Given data
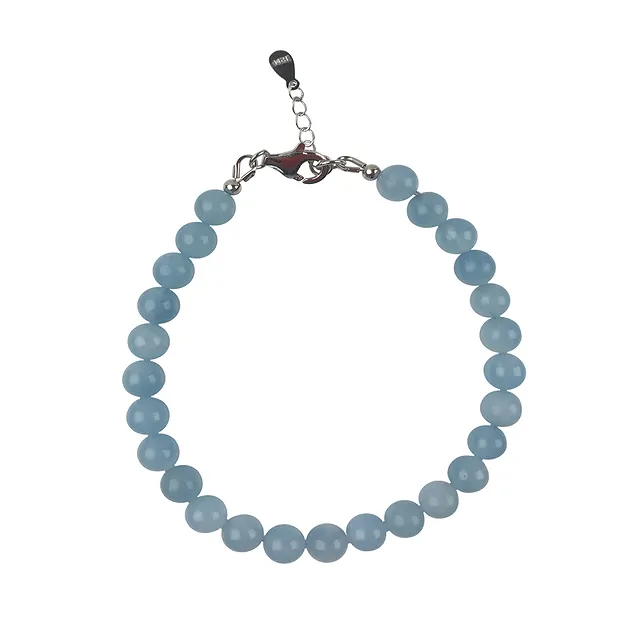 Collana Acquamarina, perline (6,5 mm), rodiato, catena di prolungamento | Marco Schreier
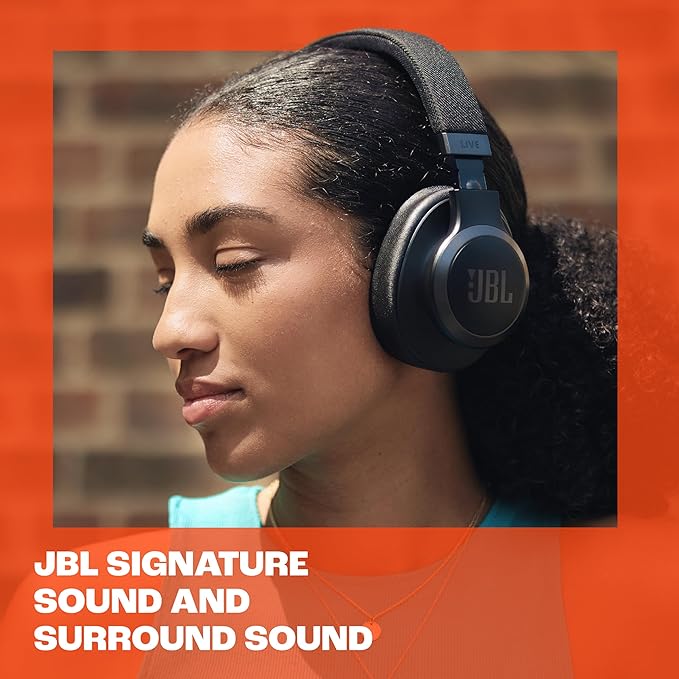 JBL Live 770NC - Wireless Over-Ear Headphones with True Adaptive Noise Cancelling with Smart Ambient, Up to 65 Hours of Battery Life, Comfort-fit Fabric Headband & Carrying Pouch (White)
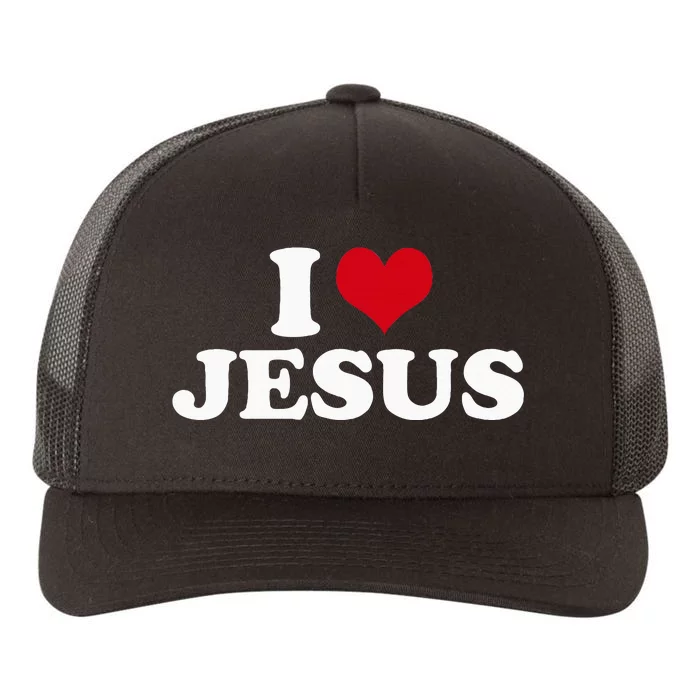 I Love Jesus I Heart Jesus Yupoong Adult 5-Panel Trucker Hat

Requirement
Transcribe only the lines from the line holding "JBL Live 770NC" to the final line of the listing above. Keep them exact, include both ends, and skip the pictures.

Written solution
 JBL Live 770NC - Wireless Over-Ear Headphones with True Adaptive Noise Cancelling with Smart Ambient, Up to 65 Hours of Battery Life, Comfort-fit Fabric Headband & Carrying Pouch (White)
 I Love Jesus I Heart Jesus Yupoong Adult 5-Panel Trucker Hat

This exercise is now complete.